[Records contained in a dataset]

• • •

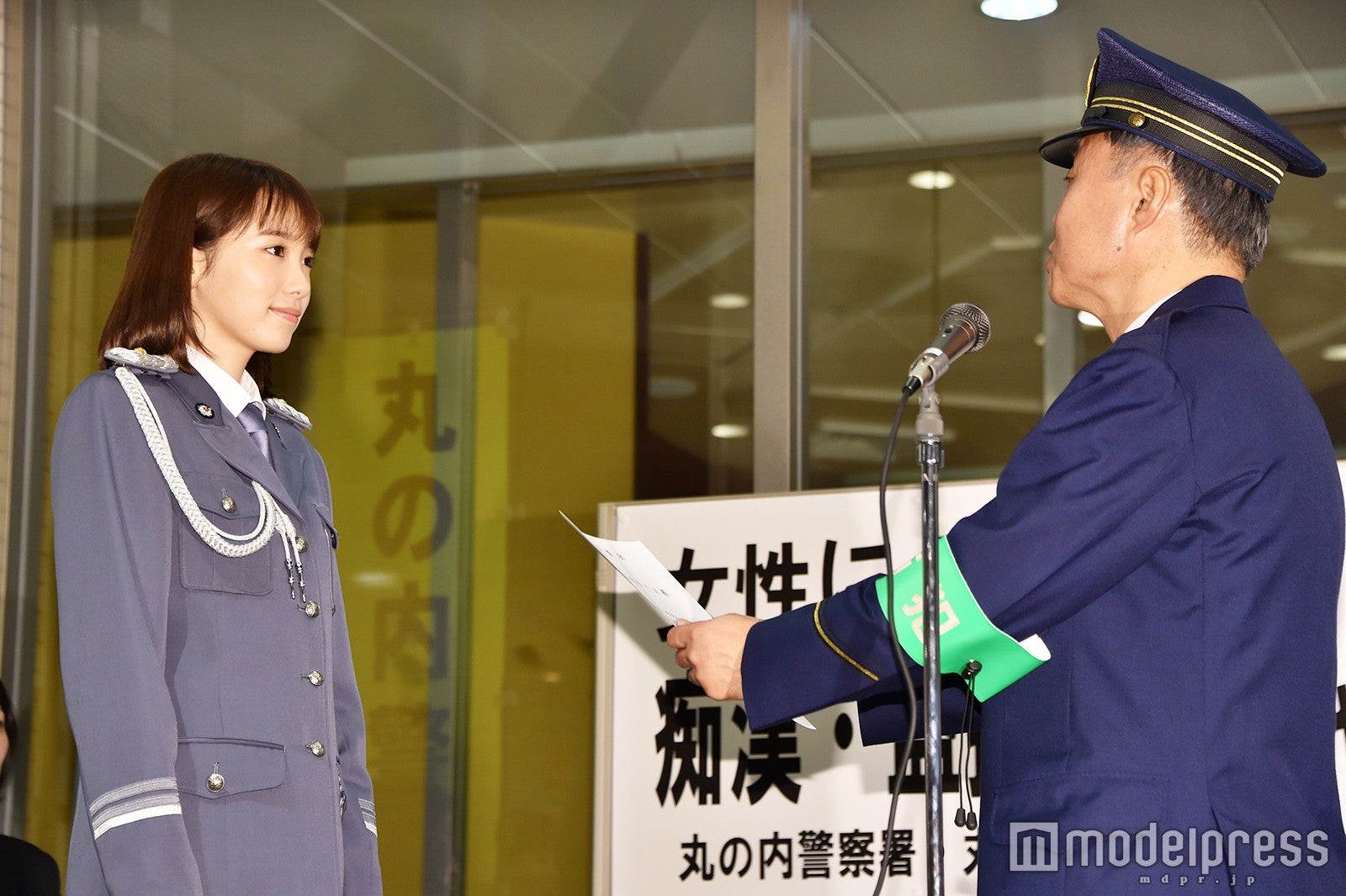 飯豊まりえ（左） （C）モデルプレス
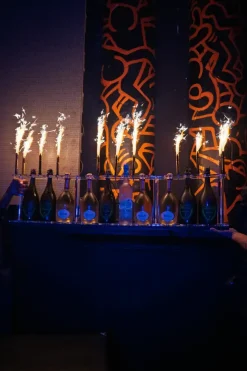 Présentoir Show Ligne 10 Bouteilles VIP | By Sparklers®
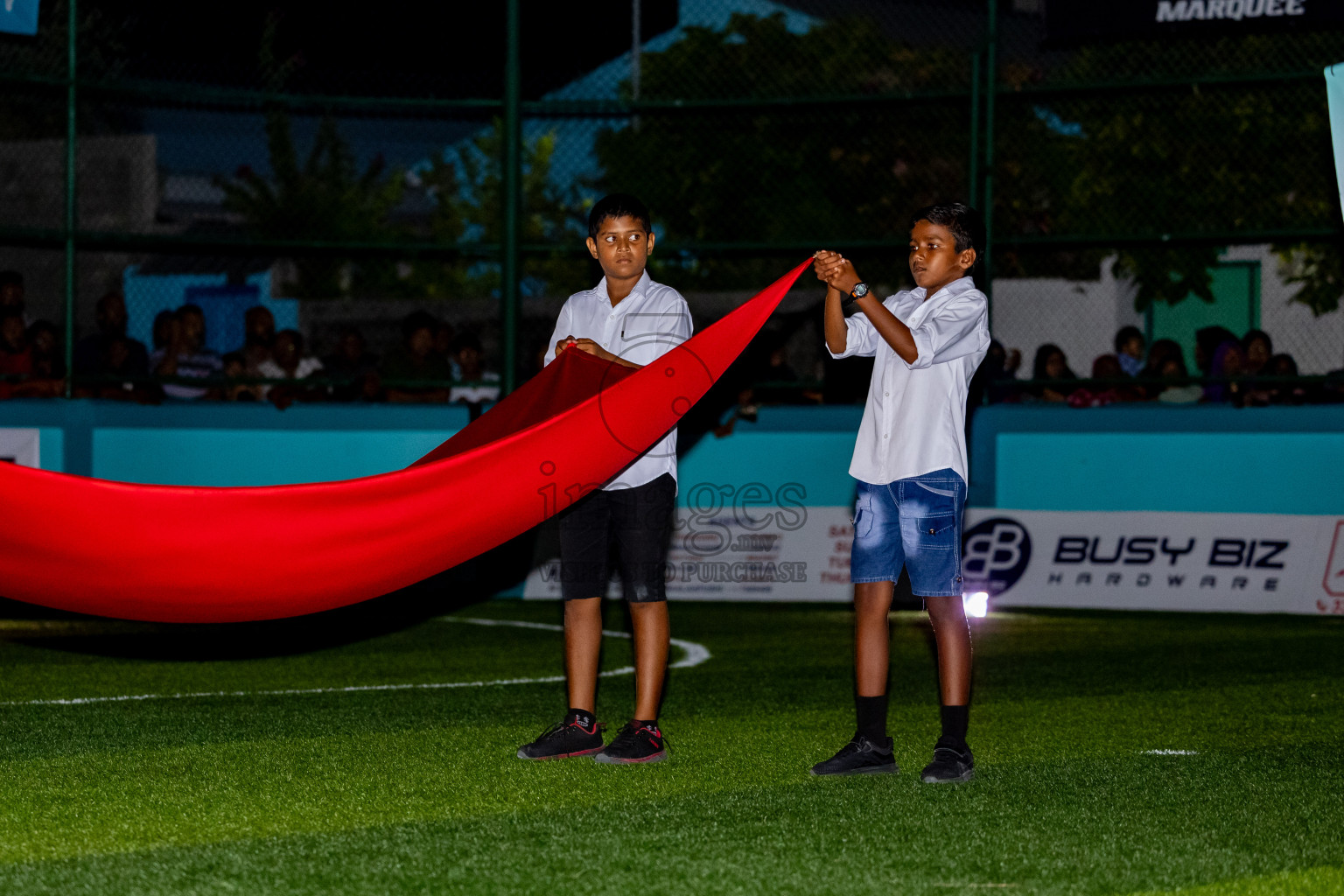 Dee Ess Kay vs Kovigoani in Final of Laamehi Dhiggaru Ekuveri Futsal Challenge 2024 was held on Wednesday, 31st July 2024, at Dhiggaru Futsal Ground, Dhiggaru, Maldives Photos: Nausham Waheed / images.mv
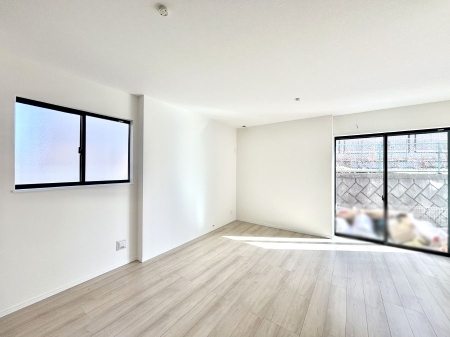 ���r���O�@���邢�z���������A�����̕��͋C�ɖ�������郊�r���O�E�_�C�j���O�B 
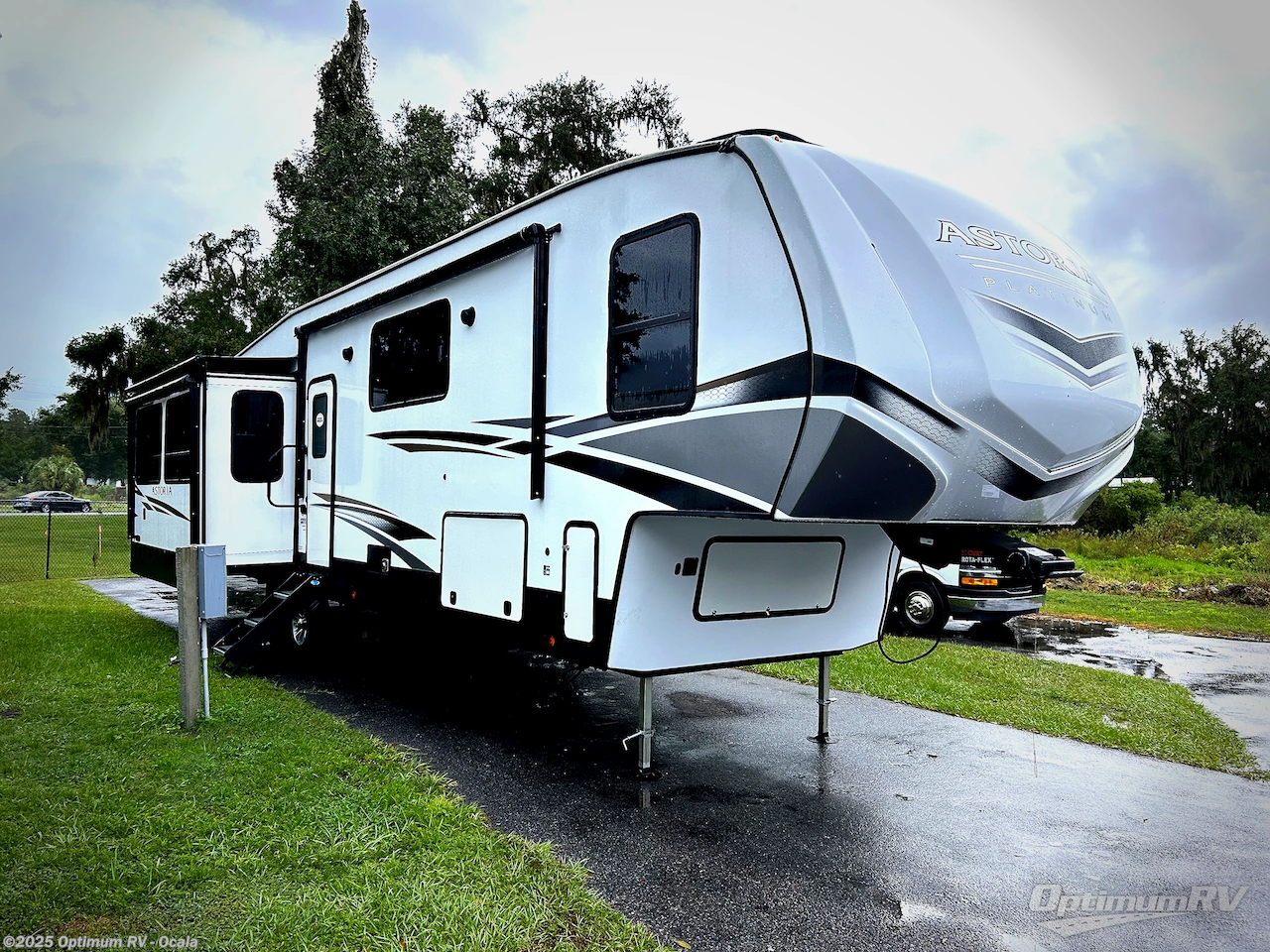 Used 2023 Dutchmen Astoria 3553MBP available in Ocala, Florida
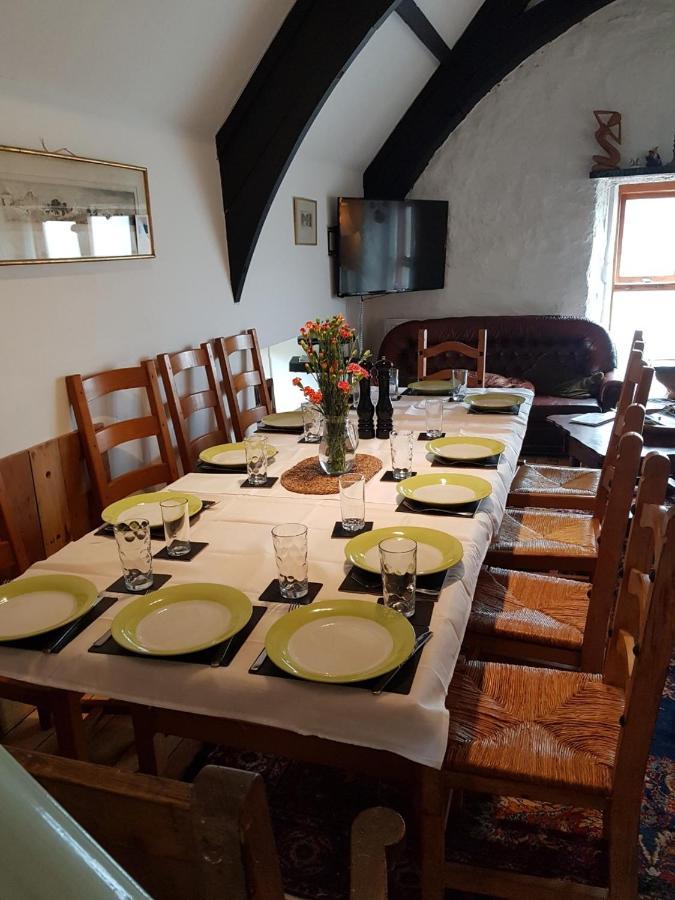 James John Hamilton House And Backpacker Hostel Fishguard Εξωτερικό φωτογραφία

• • •

■ **WHAT IS EXPECTED**: Please repeat every record exactly as it stands, leaving out any pictures.

■ **RESULT**:
 飯豊まりえ（左） （C）モデルプレス
 Présentoir Show Ligne 10 Bouteilles VIP | By Sparklers®
 Dee Ess Kay vs Kovigoani in Final of Laamehi Dhiggaru Ekuveri Futsal Challenge 2024 was held on Wednesday, 31st July 2024, at Dhiggaru Futsal Ground, Dhiggaru, Maldives Photos: Nausham Waheed / images.mv
 ���r���O�@���邢�z���������A�����̕��͋C�ɖ�������郊�r���O�E�_�C�j���O�B 
 Used 2023 Dutchmen Astoria 3553MBP available in Ocala, Florida
 James John Hamilton House And Backpacker Hostel Fishguard Εξωτερικό φωτογραφία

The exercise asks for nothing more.